1.The appellant herein was charged with the offence of defilement contrary to Section 8(1) as read with 8(3) of the Sexual Offences Act in Sexual Offence Case No. 06 of 2020 at the Senior Principal Magistrate’s court at Runyenjes. He was charged with an alternative count to the main count, of Indecent Act with a child contrary to Section 11(1) of the Sexual Offences Act No. 3 of 2006 (as per the charge sheet).
2.The trial court convicted the appellant of the offence of defilement contrary to section 8(1) as read together with Section 8(3) of the Sexual Offences Act No. 3 of 2006 and sentenced him to serve Twenty (20) years imprisonment.
3.He was aggrieved by the conviction and the sentence and filed the instant appeal. The grounds of appeal as per the petition of appeal are as hereunder; -1.That the learned trial magistrate erred in law and fact by not taking into cognisance that the prosecution failed to prove its case beyond reasonable doubt as stipulated by law.2.That the honourable trial magistrate erred in law and fact by not realizing that the prosecution case was full of inconsistencies and contradictions hence discrediting the prosecution witnesses.3.That the learned magistrate erred in law and fact by failing to critically evaluate the evidence adduced by the prosecution witnesses and find that the appellant was set up and there was a vendetta against the appellant.4.The learned trial magistrate erred in law and fact by not realizing that the medical report did not link the appellant to the charges he is convicted of.5.The learned trial magistrate erred in law and fact by rejecting the appellant’s defence without giving reasons.
4.When the appeal came up for hearing on 21.02.2022, the court gave directions on filing of submissions which directions both parties failed to comply with.
5.I have considered the grounds of appeal before me and as already indicated, the appellant faults the trial magistrate for his conviction and sentence and as such, the court will have to determine whether the prosecution proved its case beyond reasonable doubt.

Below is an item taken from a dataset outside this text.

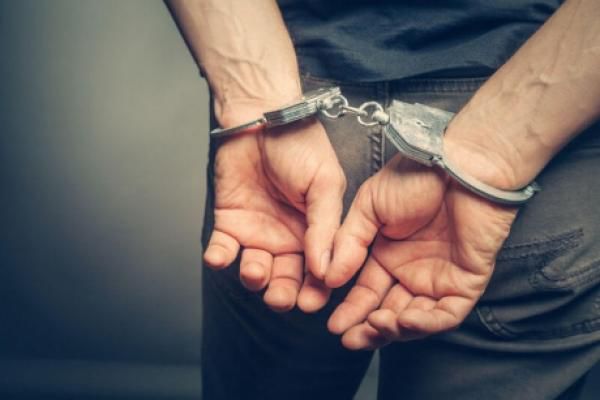 Un adolescent de 17 ani, suspectat că și-a omorât fratele mai mare.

6.In determining this appeal, this court being a first appellate court, is alive to and takes into account the principles laid down in the case of Okeno v Republic [1972] EA 32 where the court stated that: -An appellant on a first appeal is entitled to expect the evidence as a whole to be subjected to a fresh and exhaustive examination (Pandya v Republic 1975) EA 336 and to the appellate court’s own decision on the evidence. The first appellate court must itself weigh conflicting evidence and draw its own conclusions. It is not the function of a first appellate court to merely scrutinize the evidence to see if there was some evidence to support the lower court’s findings and conclusions; it must make its own findings and draw its own conclusions.”
7.The appellant herein was charged with the offence of defilement and the same is provided for under Section 8(1) of the Sexual Offences Act.1.A person who commits an act which causes penetration with a child is guilty of an offence termed defilement.(3)A person who commits an offence of defilement with a child between the age of twelve and fifteen years is liable upon conviction to imprisonment for a term of not less than 20 years.
8.In the case of George Opondo Olunga v Republic[2016] eKLR, it was stated that the ingredients of an offence of defilement are: -1.Identification or recognition of the offender2.Penetration3.Age of victim
9.For the offence of defilement to be proved, the prosecution must prove each of the above ingredients beyond reasonable doubt. [See the case of John Mutua Munyoki v Republic [2017] eKLR].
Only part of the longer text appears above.